In a similar vein, I could use a few prayers if you have any to throw my way. I found out that Fiver will not end up having the teacher that we had been expecting. It is unfortunate, since she had a background in special education and she was already familiar with Fiver's situation.
While I understand the reasons why she won't be teaching him, I am still nervous for him. I guess I was resting on my laurels a bit this summer, knowing that his teacher already knew what to expect from him.
Rob and I have decided to take school one day at a time this year, and when what we are doing is no longer working for Fiver, then we will move on to what does work for him. I can't spend the next two weeks sweating over things that I cannot change.
I also have the feeling that God just might be trying to prepare us for some even bigger changes on this front. Again, I don't feel like I can articulate everything right now, but I am just praying to be able to discern the path that God has set for us.
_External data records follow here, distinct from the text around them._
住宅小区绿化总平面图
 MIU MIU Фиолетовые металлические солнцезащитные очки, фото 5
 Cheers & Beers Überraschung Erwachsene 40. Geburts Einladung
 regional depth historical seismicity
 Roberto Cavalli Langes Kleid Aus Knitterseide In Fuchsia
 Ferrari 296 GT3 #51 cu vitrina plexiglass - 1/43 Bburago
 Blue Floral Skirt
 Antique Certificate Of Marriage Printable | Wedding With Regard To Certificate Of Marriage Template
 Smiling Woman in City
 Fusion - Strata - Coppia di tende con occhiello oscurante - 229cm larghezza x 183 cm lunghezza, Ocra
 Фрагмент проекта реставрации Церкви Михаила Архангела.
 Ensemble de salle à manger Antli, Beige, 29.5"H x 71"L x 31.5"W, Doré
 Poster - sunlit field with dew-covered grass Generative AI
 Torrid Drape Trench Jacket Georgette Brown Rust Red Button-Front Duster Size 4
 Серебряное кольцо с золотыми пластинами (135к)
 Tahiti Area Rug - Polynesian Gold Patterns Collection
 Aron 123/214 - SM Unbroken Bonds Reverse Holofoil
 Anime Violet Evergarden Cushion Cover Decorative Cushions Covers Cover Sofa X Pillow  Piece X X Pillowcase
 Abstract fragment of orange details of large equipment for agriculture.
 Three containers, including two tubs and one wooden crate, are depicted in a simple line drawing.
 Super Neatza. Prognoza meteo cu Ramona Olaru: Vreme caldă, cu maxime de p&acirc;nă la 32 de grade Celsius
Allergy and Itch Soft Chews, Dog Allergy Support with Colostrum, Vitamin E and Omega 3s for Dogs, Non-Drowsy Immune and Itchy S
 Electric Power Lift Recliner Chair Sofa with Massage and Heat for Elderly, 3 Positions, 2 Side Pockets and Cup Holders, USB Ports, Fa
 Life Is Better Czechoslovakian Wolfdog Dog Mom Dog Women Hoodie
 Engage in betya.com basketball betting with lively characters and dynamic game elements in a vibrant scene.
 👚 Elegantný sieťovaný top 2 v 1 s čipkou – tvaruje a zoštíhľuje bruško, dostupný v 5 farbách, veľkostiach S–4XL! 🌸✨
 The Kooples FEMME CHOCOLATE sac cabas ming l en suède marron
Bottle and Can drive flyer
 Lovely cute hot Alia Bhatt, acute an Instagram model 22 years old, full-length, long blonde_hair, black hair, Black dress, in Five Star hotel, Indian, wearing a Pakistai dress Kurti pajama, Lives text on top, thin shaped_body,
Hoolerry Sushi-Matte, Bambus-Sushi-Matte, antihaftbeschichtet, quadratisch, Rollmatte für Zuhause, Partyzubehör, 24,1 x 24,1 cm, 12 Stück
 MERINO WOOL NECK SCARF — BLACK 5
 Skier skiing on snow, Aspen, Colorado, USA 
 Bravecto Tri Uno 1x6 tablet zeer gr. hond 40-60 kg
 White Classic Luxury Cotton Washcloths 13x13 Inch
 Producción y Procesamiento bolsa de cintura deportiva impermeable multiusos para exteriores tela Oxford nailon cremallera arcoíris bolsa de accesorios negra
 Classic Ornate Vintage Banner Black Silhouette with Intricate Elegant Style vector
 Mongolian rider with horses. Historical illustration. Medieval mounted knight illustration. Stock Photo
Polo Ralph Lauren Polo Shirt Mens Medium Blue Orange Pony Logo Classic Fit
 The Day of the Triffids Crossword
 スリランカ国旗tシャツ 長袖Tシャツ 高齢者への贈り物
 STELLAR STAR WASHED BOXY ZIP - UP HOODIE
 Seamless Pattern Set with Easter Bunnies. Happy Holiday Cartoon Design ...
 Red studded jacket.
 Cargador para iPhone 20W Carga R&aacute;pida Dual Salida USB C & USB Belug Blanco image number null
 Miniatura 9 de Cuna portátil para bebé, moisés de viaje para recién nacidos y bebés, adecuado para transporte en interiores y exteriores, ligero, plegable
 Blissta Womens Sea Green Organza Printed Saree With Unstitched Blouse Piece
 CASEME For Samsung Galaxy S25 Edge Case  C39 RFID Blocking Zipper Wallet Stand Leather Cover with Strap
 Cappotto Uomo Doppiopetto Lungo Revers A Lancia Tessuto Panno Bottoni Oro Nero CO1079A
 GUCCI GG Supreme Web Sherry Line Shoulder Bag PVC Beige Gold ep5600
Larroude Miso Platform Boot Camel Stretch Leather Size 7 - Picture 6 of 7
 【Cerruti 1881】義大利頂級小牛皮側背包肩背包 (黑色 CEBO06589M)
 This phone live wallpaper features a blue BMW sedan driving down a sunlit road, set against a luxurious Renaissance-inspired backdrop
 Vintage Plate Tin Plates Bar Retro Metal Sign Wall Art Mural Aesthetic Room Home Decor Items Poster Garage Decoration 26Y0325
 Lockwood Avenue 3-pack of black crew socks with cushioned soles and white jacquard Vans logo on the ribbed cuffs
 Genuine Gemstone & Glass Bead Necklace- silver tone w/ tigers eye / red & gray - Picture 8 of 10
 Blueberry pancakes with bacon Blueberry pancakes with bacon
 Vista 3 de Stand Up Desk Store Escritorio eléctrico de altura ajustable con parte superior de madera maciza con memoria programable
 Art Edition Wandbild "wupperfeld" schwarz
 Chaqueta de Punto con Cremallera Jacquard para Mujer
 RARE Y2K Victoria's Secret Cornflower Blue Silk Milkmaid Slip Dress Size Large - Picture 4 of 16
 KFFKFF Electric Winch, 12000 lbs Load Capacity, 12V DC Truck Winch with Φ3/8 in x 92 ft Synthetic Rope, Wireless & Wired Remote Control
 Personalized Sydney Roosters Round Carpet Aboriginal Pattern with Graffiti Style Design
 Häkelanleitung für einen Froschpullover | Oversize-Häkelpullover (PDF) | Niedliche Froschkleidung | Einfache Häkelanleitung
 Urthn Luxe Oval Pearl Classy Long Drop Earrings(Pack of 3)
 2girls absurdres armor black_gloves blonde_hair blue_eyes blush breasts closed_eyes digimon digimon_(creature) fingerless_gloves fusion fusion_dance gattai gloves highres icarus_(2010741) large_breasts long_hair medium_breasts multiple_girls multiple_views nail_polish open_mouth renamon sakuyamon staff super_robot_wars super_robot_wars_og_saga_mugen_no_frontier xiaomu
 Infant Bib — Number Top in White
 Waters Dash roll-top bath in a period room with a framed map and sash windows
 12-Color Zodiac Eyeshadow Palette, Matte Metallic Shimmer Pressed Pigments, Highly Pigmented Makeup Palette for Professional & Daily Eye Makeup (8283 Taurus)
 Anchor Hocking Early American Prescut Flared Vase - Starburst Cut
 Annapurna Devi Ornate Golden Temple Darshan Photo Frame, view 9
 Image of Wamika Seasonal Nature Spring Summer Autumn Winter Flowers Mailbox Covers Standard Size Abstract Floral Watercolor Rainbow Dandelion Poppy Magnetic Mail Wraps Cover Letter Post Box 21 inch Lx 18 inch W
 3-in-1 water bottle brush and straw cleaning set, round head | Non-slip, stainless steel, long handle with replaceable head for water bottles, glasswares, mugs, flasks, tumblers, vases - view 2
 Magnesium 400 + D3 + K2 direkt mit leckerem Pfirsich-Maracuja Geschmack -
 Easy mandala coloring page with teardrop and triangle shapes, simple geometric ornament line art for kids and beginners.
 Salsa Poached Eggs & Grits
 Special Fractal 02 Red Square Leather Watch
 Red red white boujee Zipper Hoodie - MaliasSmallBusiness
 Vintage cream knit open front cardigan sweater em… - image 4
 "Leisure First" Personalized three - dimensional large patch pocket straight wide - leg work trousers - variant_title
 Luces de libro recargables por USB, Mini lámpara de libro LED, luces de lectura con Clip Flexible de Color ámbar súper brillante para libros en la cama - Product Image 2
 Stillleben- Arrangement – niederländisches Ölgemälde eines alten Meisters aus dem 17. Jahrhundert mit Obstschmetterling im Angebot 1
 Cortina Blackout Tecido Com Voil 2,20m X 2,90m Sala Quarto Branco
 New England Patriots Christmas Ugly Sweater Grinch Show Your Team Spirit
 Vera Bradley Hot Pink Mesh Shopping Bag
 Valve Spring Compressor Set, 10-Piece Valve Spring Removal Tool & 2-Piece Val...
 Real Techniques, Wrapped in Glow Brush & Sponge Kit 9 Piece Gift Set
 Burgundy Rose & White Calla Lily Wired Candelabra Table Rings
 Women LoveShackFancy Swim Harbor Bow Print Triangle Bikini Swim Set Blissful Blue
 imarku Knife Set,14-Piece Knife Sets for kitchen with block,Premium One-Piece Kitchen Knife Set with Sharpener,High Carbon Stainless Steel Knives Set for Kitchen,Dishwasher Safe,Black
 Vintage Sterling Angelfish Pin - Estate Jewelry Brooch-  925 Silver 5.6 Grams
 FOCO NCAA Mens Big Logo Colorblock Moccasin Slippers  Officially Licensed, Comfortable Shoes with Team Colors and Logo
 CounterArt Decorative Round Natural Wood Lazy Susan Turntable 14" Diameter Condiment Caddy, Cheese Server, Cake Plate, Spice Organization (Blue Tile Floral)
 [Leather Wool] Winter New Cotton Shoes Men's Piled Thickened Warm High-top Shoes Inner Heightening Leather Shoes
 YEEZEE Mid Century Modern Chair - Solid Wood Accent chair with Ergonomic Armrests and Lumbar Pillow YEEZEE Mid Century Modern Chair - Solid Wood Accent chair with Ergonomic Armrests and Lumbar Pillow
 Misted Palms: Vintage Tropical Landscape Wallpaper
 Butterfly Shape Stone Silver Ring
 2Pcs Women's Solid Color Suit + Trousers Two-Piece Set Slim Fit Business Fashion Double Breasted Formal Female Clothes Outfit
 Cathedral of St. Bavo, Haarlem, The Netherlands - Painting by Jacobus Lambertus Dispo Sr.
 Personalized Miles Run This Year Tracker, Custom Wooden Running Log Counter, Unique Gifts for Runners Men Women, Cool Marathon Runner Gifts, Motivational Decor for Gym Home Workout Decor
(As a related aside: do any of you homeschoolers have a combination of children in homeschool/"regular" school? Do the kids taught at home wonder why they are home, while their siblings are in school? Or do you let the kids choose which method they most prefer? I hope this doesn't seem nosy -- I think it's all part of my discernment process.)
Meanwhile, I have been trying to put all of this on the back burner so that we can squeeze in these last few days of summers. We are at two weeks and counting, which is not much time at all.
We spent some great time at our favorite amusement park this weekend; the summer just isn't complete without a trip to Knoebel's.
Our plan was to run the kids into the ground, feed them ice cream, and put them in the car to fall asleep on the way home. Everything went off without a hitch, although I think I was the first one to fall asleep on the way home. Good thing I wasn't driving!
What ONE THING must your summer have before you feel like it is complete? What is your quintessential "summer thing", my friends?
This is what my baby looks like when he is more than an hour past his bedtime. He was too tired to even crack a smile.
A girl and her Pop (Francie and my dad).